A Cochrane review in 2012 by Hofmeyr and colleagues mentions "failure to progress in labour when cesarean section is unavailable, unsafe or declined by the mother; and obstructed birth of the after-coming head of a breech presenting baby" as special situations where symphysiotomy may be resorted to. Though observational studies from Africa and West Asia have reported low maternal mortality rates and high success with symphysiotomy, a large part of the problem is that there are no randomized trials. The authors suggest that evidence from good quality research is needed to compare efficacy and safety of symphysiotomy versus no symphysiotomy, or various modifications of the technique, or symphysiotomy versus CS in various clinical situations. Hence there are no clear recommendations; rather they state that "because of the possibility that symphysiotomy may be life- saving in certain situations, professional and global bodies should provide guidelines for its use (or non- use) based on best available evidence".

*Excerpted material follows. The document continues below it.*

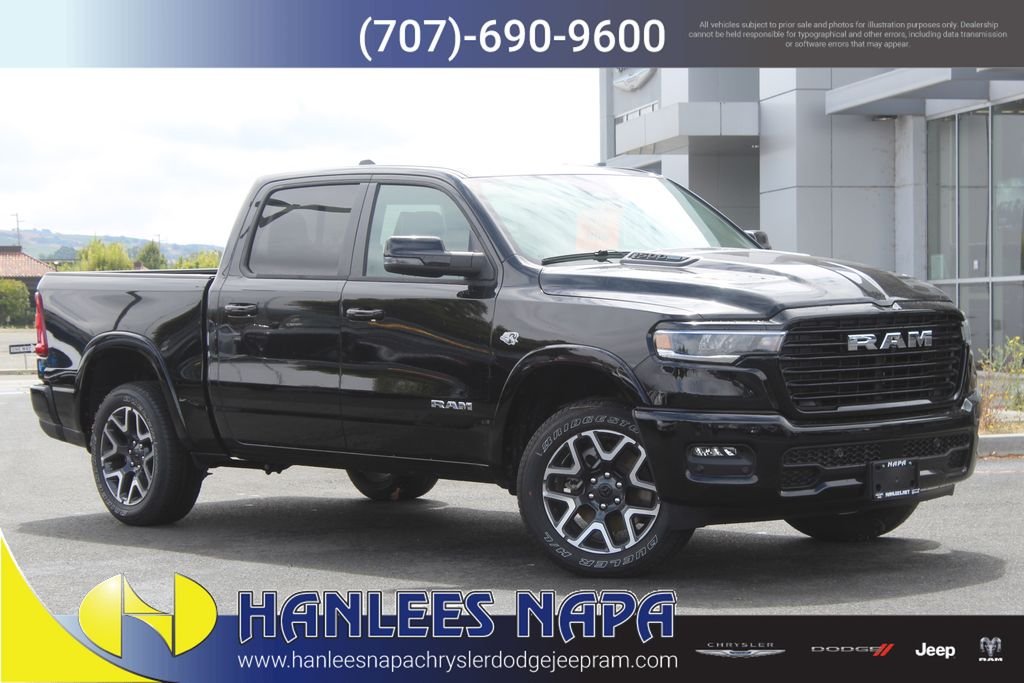 New 2026 Diamond Black Crystal Pearl-Coat Exterior Paint RAM Laramie image 1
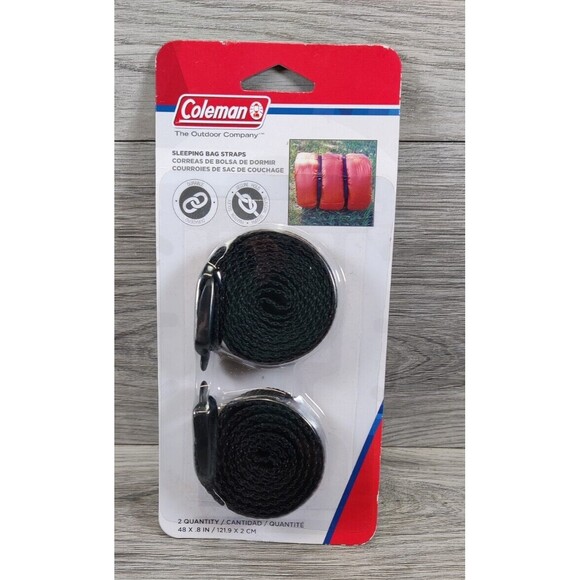 Coleman Sleeping Bag Straps 3/4” x 48” Easily Adjusted, New-Camping, Outdoors - Picture 1 of 2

Sadly, symphysiotomy is a reflection on the condition of women globally. Till such time as women continue to be the lowest priority on the health ladder and till basic reproductive rights are not awarded to them, this discrimination and disparity will continue. 
This issue of the journal carries an interesting case report of spontaneous pubic diastasis which prompted this commentary on the renewed interest in symphysiotomy. The question on whether its use in modern obstetrics is justified still remains.